**Dataset records:**
════════

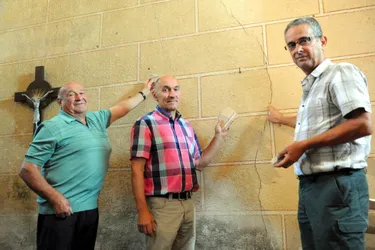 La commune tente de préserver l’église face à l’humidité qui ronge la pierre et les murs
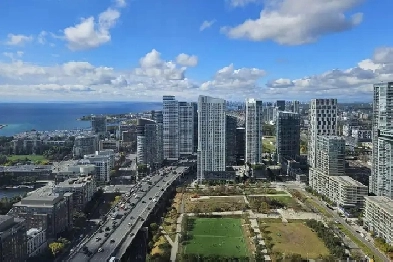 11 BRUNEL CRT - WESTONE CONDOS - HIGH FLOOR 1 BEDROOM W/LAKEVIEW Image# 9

════════

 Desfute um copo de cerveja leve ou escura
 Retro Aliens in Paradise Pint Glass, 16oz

════════

**Your assignment:** Above are the lines; repeat exactly the ones from the line containing "Desfute um copo de cerveja leve ou escura" down to the line containing "Retro Aliens in Paradise Pint Glass, 16oz", both inclusive.

**Result below:**
 Desfute um copo de cerveja leve ou escura
 Retro Aliens in Paradise Pint Glass, 16oz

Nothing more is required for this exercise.